After finishing this piece, I had a feeling I had painted something similar before.  It was not the same but had many of the same colors and was an October piece with much the same composition.

Stephen Kellogg has honored the above painting with a poem here. Thank you Stephen!  🙂

There is a beautiful little dogwood tree growing in the midst of the tall trees lining the drive leading to the spot where I have currently been painting. This is a loose and fairly quick painting of this little tree. I had spattered some frisket on a piece of Arches paper last week and didn’t want to waste it. That start became a dogwood tree in fall color.

This was a painting I did last Saturday during that spell of nice warm weather we have had.  These two cottonwoods stand on the southeast  shore of the pond. They stood out starkly against the backdrop of the woods.  They each had a few large yellow leaves clinging to the ends of their branches.  The leaves actually flickered as the breeze tossled them every once in awhile.  No hawk today. Caught a glimpse of him as I drove up. He flew from a tree into the woods. I soon found out why. The entire time I sat and painted I could hear gunshots going off from several types of guns. Must have been target practicing. I can’t imagine the amount of ammo they went through. Sounds like that are enough to quiet a woods.

This is a close up version of a scene I painted in July, here. This one was completed in one sitting while the other was one I started on site and finished at home.  The wind was whipping and the sun was shining brightly. Light flickered off one area of the pond that seemed to catch the wind. The foreground tree would change from silvery to light green everytime the wind chose to gust and toss the  branches.  Not only did the leaves flicker on the trees on the far shore but it filtered down through gaps and lit the trunks that were of a lighter color. All I could assume was the loss of leaves on some of the trees created larger gaps in the foliage and allowed for the light to filter through the canopy. The hawk was there once again. This time he circled and dipped very near me several times. No. It was not in a menacing way.  He came so close, twice, that I witnessed the slight change to tail feathers that helped him to maneuver and turn. I had never seen that before.

joakstrees

This landscape  painting was created using wax resist. The white clouds in the sky and the field are crayon as well as some of the colors in the trees. The wax in the crayons resist the watercolor allowing them to show through. I have created several interesting paintings with this technique. You can also use candles to create effects on your paper.The candles can be rubbed in over dry watercolor before a second layer is applied. The first layer will show through wherever the candle wax was scrubbed in. When using crayon colors other than white, make sure they are compliments or a different value than the watercolor or the resulting effect is rather dull. This is an excellent technique that can add texture to a watercolor when cold press and rough watercolor papers are used because the wax rides on the bumpy surface and allows the watercolor to settle in the grooves of the paper.

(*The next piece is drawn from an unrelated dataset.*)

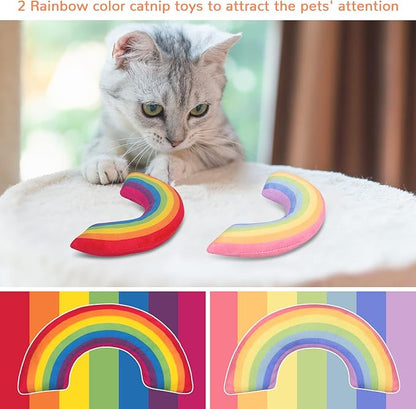 Cat Toys Rainbow Pillows, Catnip Toys for Indoor Cats Kitten, Soft and Durable, Interactive Cat Nip Chew Teeth Toy Kitty Kicker Toys 2 Pack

June did a wax resist on one of her chili pepper studies a while back.

47 White Buffalo wrote the following haiku to go along with this watercolor. It reads as follows:

                                               ” mind open eyes does learn

                                                 waxing watercolors fresh

                                                 clouds surprise trees new”

Thank-you 47!

Carol tried wax resist in her new painting, today!